My late grandmother was a wise and tough lady. She was always ready (and quite able) to explain her position on a subject and make very clear that it would only be theoretically possible to have a different opinion; in (her) practice, it wouldn’t make sense to think otherwise. Having said that, with many little rhymes, she had many pearls of wisdom she would throw around.
Some of her thoughts wouldn’t come in rhymes, but were just strong observations. One day, she told me about a time she got a new bicycle, and how very proud of it she was. This one had a dynamo attached, as opposed to the old-fashioned carbide-powered light she had before. It was the latest and greatest, and the bicycle shop was very proud of their new products. While she was out on the bicycle one winter evening, she had to stop to look where to go. Then all of a sudden, total darkness.
Of course, when the wheels stop turning, the dynamo stops working, and the lights stop.

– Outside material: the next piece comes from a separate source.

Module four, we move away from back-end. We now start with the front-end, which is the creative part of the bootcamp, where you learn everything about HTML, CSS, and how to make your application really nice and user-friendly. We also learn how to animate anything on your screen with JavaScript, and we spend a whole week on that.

The result: a completely scared young lady (darkness in those days was still total darkness), and a total surprise as to who on earth would invent such a stupid thing. She couldn’t believe people could design something like that.
It’s only recently, probably something like 90 years later, that our bikes have a dynamo powered front light with a built-in battery to keep the light burning. My grandmother would have shaken her head at that innovation speed.

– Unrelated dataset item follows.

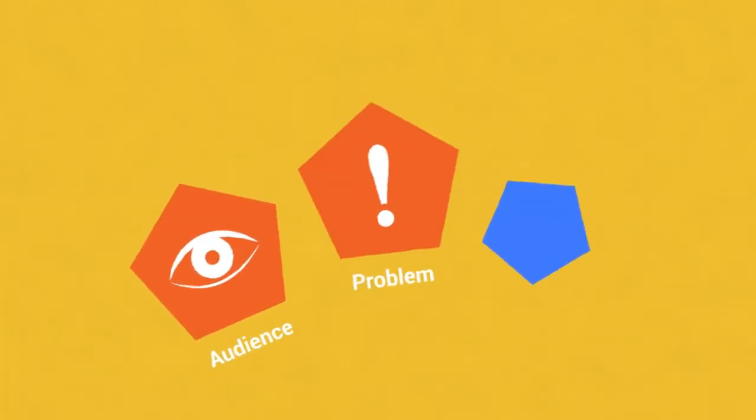After our initial call, we will have a content strategy session where our strategists will interview you in order to find out more about your needs for this specific video. In this session, we will talk about your audience, the problem you're solving, and the solution you're offering.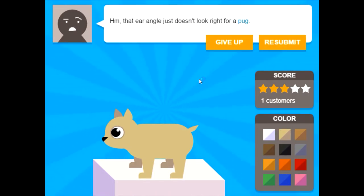That ear angle just doesn't look right for a pug. Sorry. No, no, no. Okay — ear angle. How about a pointing down ear angle? Where's the pointing down ear angles? There we go — no. Yes. Stay down. Oh no, not the neck again. Fat neck. Stop changing the neck. Oh my goodness. I'm forgetting how the game works.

Sometimes, technology forward implies a functionality step backward. Let’s be clear, that isn’t a bad thing, as I’ve written about before. Sometimes it’s really the only way to go to avoid things ending up in disaster.
However, some old features were actually quite useful, and it shouldn’t take 90 years before the new technology stack picks them up. Keep your users happy, imagine explaining it to my grandmother: be prepared!